Most Advanced Technologies

The original design of most contemporary reverse pulse jet collectors was developed in the early 1970's. This design was a breakthrough in dust collector technology. In 1978, several technologies were developed to remedy operating problems of fabric pulse jet collectors also referred to as a bag house. The cause of these operating problems was a major flaw in the design.

Cause of Operating Problems

The main flaw in the contemporary design of fabric pulse jet collectors was that during the cleaning cycle dust was driven from the cleaning bags at very high velocities, then driven through the filter cake and filter media the adjoining bags. The bags became partially blinded. These velocities were typically 20,000 to 40,000 feet per minute. The permeability of the filter cake and dust imbedded in the media increased. The bag developed a coating to resist further penetration until the system stabilized. These high cleaning jet velocities resulted in short filter element life, high pressure drops and high compressed air usage.

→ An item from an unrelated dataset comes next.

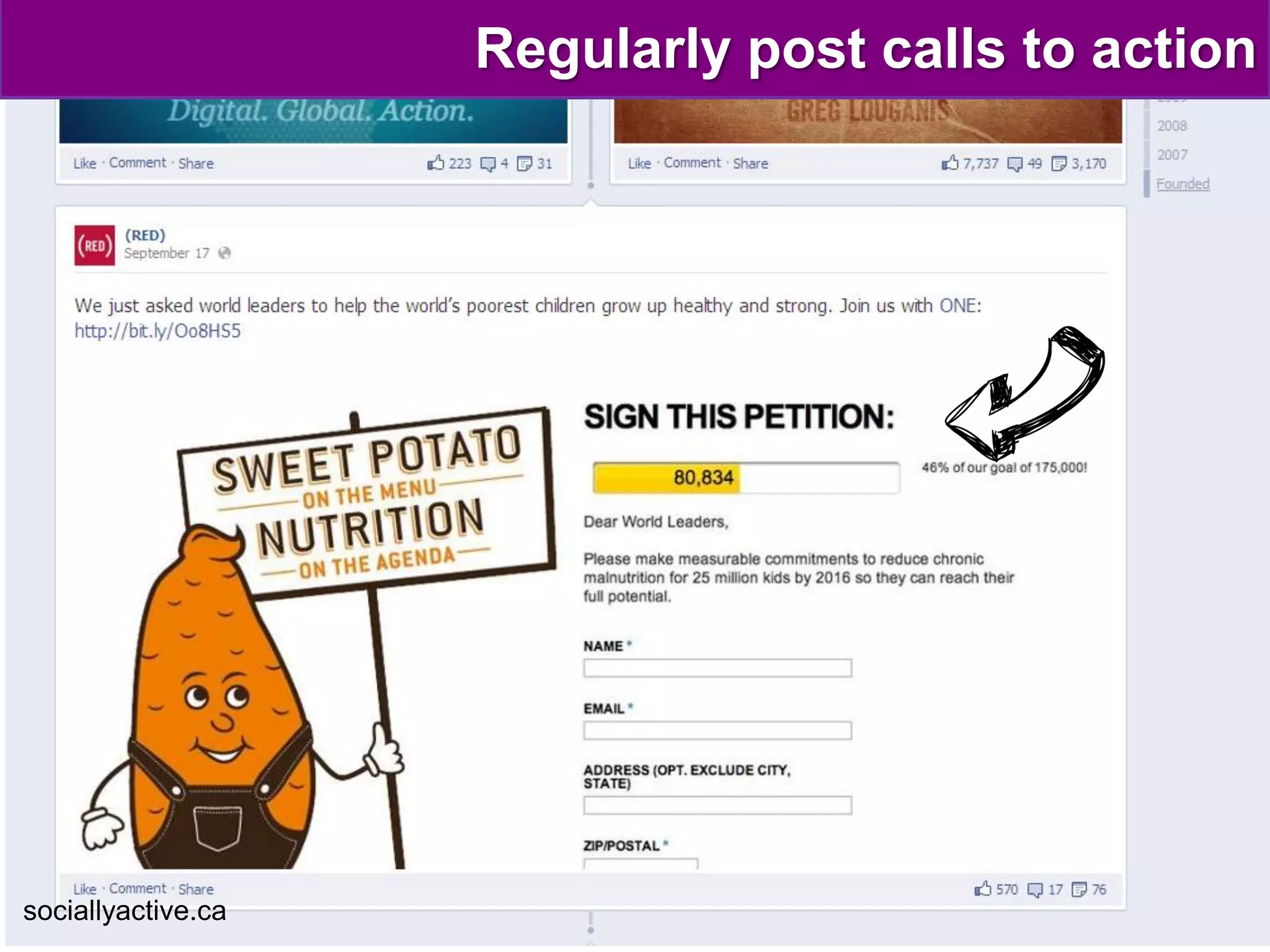 Regularly post calls to action




sociallyactive.ca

It is and was common for fabric pulse jet collectors to run at pressures between 4 and 6.5 inches, and air consumption of over 1.4 SCFM of compressed air per 1000 CFM of filtered air at 80 psig. As might be expected the heavier density dust and powders ran at the highest pressure drops.

New Technologies

Four new technologies were developed to combat these operating problems:

1. The cartridge collector with pleated filter elements.
2. The high ratio fabric pulse jet dust collectors.
3. PTFE laminated fabric filter bags
4. Bag diffusers

Cartridge Collector

The cartridge collector was immediately widely accepted because it solved a problem with venting electrostatic powder paint systems. Previously, fabric pulse jet collectors on this application gave unsatisfactory service. Within months of their introduction, hundreds of collectors were sold and installed with spectacular results. The cartridge collector remedied some operating problems in the contemporary fabric pulse jet collectors. An example of this was the experience of Nordson Corporation of Ohio, who supplied powder pigment spray systems that sprayed powder on metal surfaces that were then cured to a hard coating. They vented the spray booths into fabric pulse jet collectors. On some pigments, they had bag lives of less than eight weeks and pressure drops of 6 to 8 inches w. g. Even at filter ratios as low as 3:1. They were desperate for a new technology and were the first to embrace it.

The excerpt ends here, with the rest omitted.